The Landlord and Tenant Act 1987 – Ignore it at your peril
Part 1 of the Landlord and Tenant Act 1987 ("the Act") obliges landlords of some residential and mixed use properties to offer certain interests to the residential tenants before disposing of them to a third party.
Famously described as “ill drafted, complicated and confused,” this Act is also renowned for its sanctions. A disposal in breach of the Act is a criminal offence. Furthermore, it entitles the tenants to undo the relevant transaction and have the interest transferred to them at the same price. Two cases from the last few years demonstrate the further unpalatable consequences of failure to comply.

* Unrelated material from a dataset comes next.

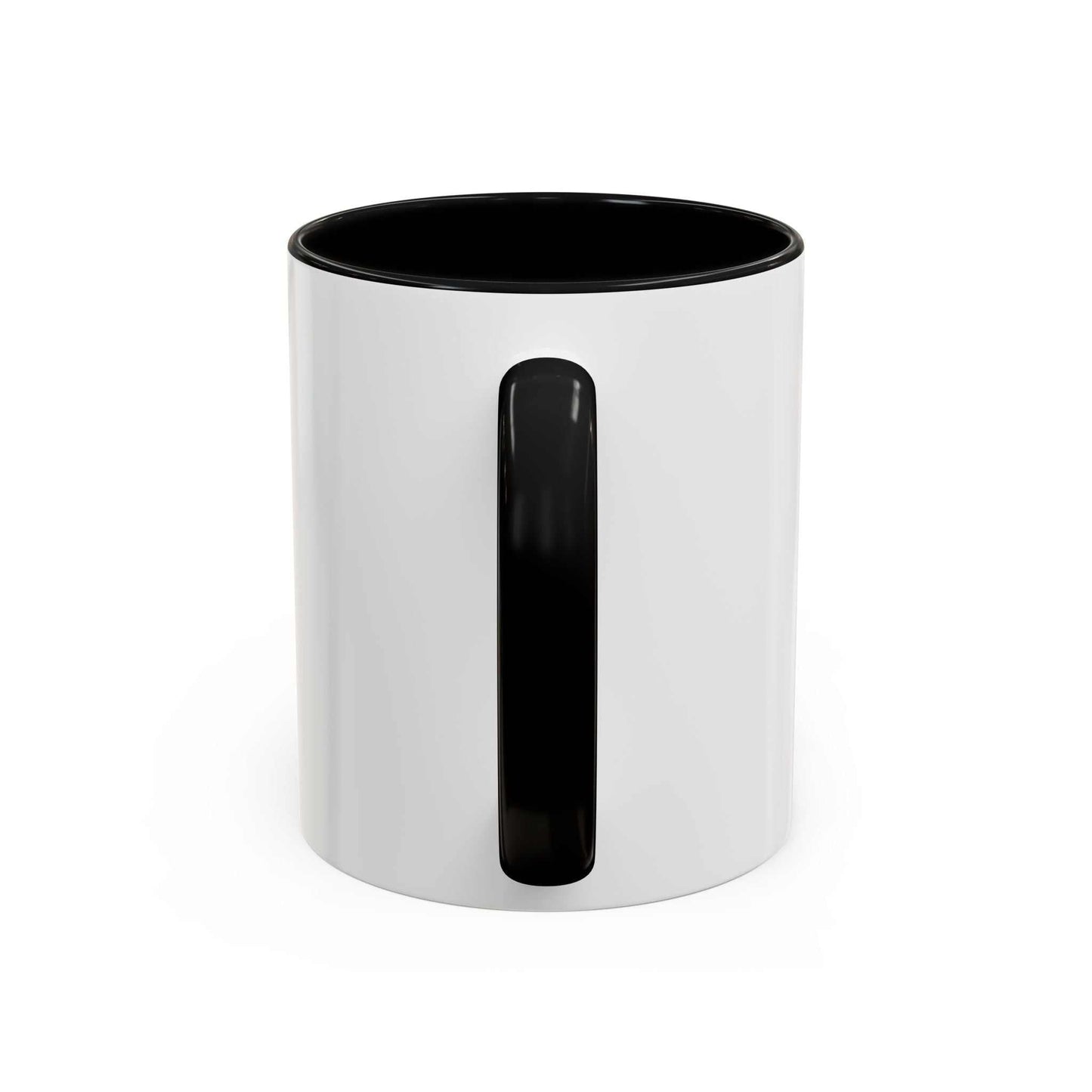 Inspirational Wolf Coffee Mug with black handle and interior, available in 11oz and 15oz sizes.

The very recent case of Artist Court Collective Limited v Khan  PLSCS 313 involved a mixed-use building in East London; 3 commercial units on the ground floor, with 8 residential flats above let on long leases. In 2011, the freeholder, Mr. Khan, transferred his interest to a recently incorporated company (within his control) for £225,000. This disposal occurred without an offer being made to the residential tenants, in contravention of the Act. Indeed the tenants did not become aware of this transfer until the middle of the following year when the opening of a fish and chip shop in one of the commercial units prompted them to look into their rights as tenants.

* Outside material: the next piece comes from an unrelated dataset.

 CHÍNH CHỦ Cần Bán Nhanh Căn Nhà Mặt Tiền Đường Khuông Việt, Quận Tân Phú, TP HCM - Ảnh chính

Having discovered the breach, the majority of the flat tenants formed a company and served a purchase notice on the freeholder, under section 12B of the Act, requiring the freehold to be transferred to them at the same price. On receipt of this notice, Mr. Khan sought to rectify the position and close off the litigation. However, in fact, he did the opposite – by transferring the freehold from the name of the company back into his sole name, for no consideration, he breached the Act for a second time. As a result, the county court held that the tenants were entitled to purchase the freehold on the same terms as the second transfer – for no consideration. Mr. Khan lost an asset worth (by the time of the trial) in excess of £225,000 – for nothing.
Despite initially similar circumstances, the case of Green v Westleigh Properties Limited  EWHC 1474 (QB) is a good example of the lengths to which courts may go to protect tenants affected by the Act. Mr. Green was one of two residential tenants of a property in Southend. In 1992, his then landlord – Broadway (Essex) Limited – transferred its freehold interest in this property to Marcus and Baum Limited (now known as Westleigh Properties Limited) for £500. Mr. Green did not become aware of this transfer until 2002 and, in 2004, he made a claim for the freehold as part of proceedings taken against him by the Landlord for nonpayment of sums due under the lease. The county court judge gave Mr. Green 3 months in which to serve a formal purchase notice under the Act.
Mr. Green claimed in later proceedings that notice had been served in a letter sent to Westleigh by Mr. Green’s solicitors on 10 June 2005 – which was incorrectly dated 10 June 2004, referred to ‘Section 12A of the Housing Act 1987’, failed to identify the qualifying tenants and, perhaps most importantly, omitted to mention that it required the transfer of the freehold. Despite these many and significant errors, the High Court judge held that, considering the context it was served, it would have been clear to a reasonable recipient that the tenants were giving notice to have the freehold transferred to them. Therefore the tenants were able to acquire the freehold for £500, 16 years after the disposal in breach.
Both of these cases amply illustrate the dire consequences that can flow from a disposal in breach of the Act and provide a salutary lesson to landlords of residential and mixed-use properties.
It is important to remember too that the Act does not only apply to the transfer of a freehold. A wide range of disposals are caught, including, for example, the grant of an option, or the disposal of some airspace next to the building. Similarly, tenants do not have to hold long leases to qualify for an offer notice; short term company tenants and Rent Act tenants also qualify. Whether the draftsmen of the Act intended these far-reaching effects we will never know but, bearing in mind the sanctions for non-compliance, it is often best to tread with caution.